Although he has played to audiences of all sizes, this particular tour will see him “playing to dozens a night in weird churches and cafes and living rooms” – the D.C. show will take place at Sangha, a self-described “Fair Trade Store, a community enrichment center and a World Service Organization.” Still, within this framework, what happens on stage has a sense of magic.
Lewis and his brother Jack play their songs, often playful and sing-songy, but just as likely to turn sharply into the darkness, but always with clarity. The performance doesn’t stop there, though, as Lewis is, again, a comic book artist. When asked what he would do if he could be doing anything right now, he said “drawing comic books,” and the dedication to the craft shows up in his performances, when he either projects them on screen behind him or turns the page of actual books like a kindergarten teacher. Perhaps this imagery is no mistake – Lewis once told me that he thought about going back to grad school, and he has a multipart song called “The History of Communism,” that is, well, a history of Communism. “The History of Punk On The Lower East Side” is similarly transparently titled. Like outsider artist Daniel Johnston, who he acknowledges as an influence musically, Lewis expertly blends the visual and the aural in his art projects.
If his work is a pastiche of forms, his internal formula is similarly diverse. “Yeah, I have songs that I realize afterwards ‘Hey, I probably got the idea for that melody from a Fall song, but the chord change was probably inspired by a Donovan song, and come to think of it, I was thinking about pigeons when I wrote that song because I had been reading an Anders Nillson comic book that morning’ he says. “It’s funny when I only can pick this apart months later.”
If that’s true, it’s because the songs are wonderfully complex and referential.

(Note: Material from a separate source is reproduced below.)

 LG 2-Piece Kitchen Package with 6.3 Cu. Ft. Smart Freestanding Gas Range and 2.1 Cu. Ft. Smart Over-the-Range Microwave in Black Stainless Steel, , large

A good example is the song “Williamsburg Will Oldham Horror,” excerpted in the epigraph, from Lewis’ new record “City & Eastern Songs.” Rambling and poetic, it’s unlike pretty much anything else out there right now, a practically beat-poetry narrative about seeing musician Will Oldham on the L train and contemplating what exactly it means to be an artist. My first thought when I heard it? This is amazing. The second thought I had was that it would never reach America. Luckily, I was wrong.
When I first heard this song, in fact, I wasn’t in America – I was in a friend’s cramped radio studio in England, and Jeffrey Lewis was playing a borrowed acoustic guitar about three feet from me, for an audience of six. It all seemed to be the result of some trance, as the words poured out like grains of sand from the hole in the bottom of a bag:
Where us noble starving artists are striving to feed our ego
Our mothers like our music and our friends come to our shows
And if our friends become successful, we’ll consider them our foes
Go home to our four roommates after paying big bucks for rock stars’ shows
What a nightmare! What a horror! I don’t want no part of this
Get me off this crazy ride, I’m gonna puke, I’m gonna piss!

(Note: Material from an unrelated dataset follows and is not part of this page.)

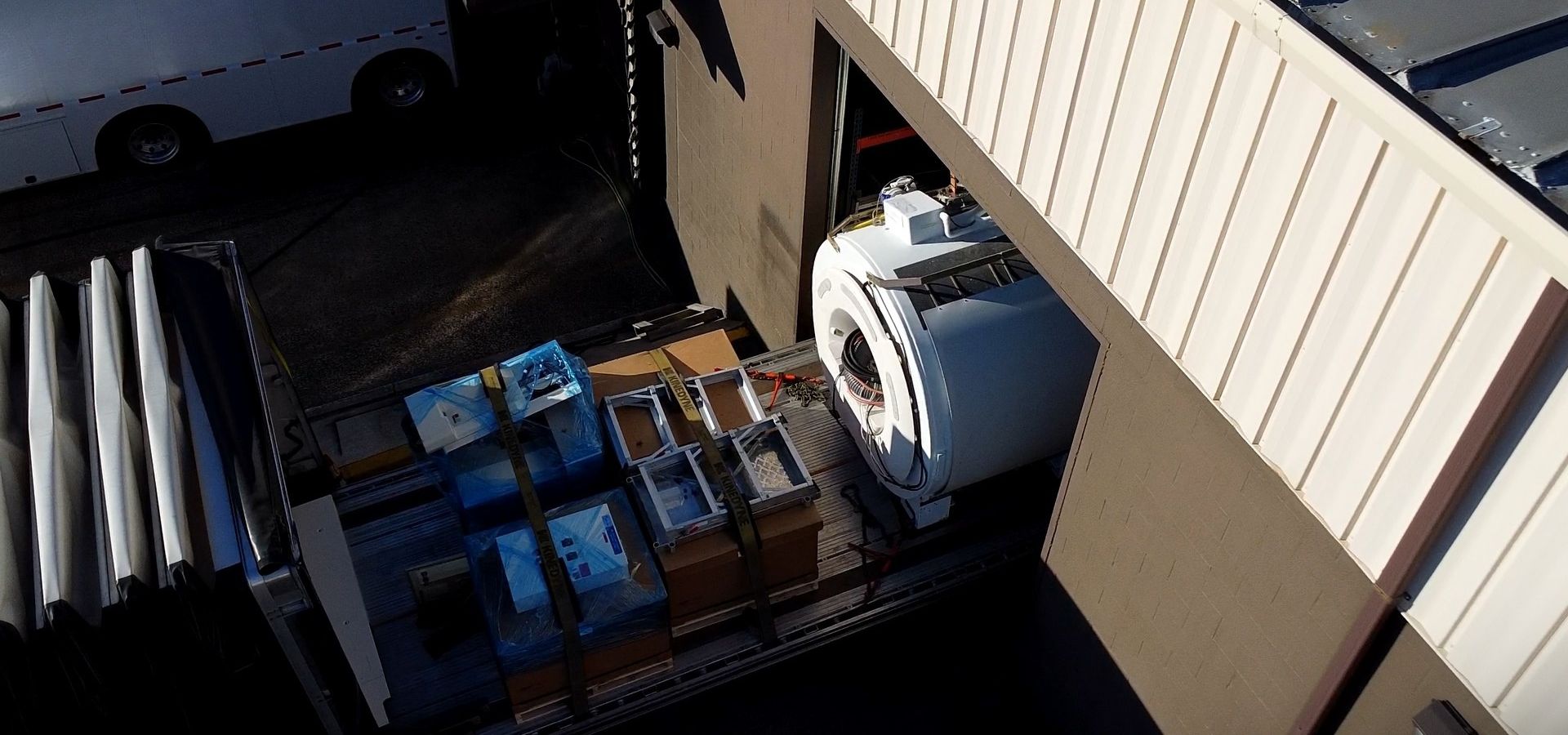 used MRI machine being transported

I’d rather kill myself, I’d rather just relax or not exist
But you say you wanna do an e-mail interview?
Oh what the heck, I can’t resist!
So what’s the deal, Jeff? Just how much doubt is involved in being an artist?
“Probably as much doubt as I’d have about anything, really,” Lewis said. “Always full of anxiety and doubt and questioning. As any atheist existentialist teenager on acid will tell you, one has no Bible or rule book of how to operate other than one’s own internal compass, like with any compass one must constantly check and correct one’s route.”
Asked about the importance of music, he adds, “If everything was only functional it would be pretty boring. But art must be functional also – it has to blow minds and expand brains. In that sense it is important, but the subjectivity of it makes things confusing sometimes.”
True to his word, in style and substance.
Jeffrey Lewis will perform at Sangha on Thursday night. Sangha is located two blocks from the Takoma Park Metro stop, at 7014 Westmoreland Ave, N.W.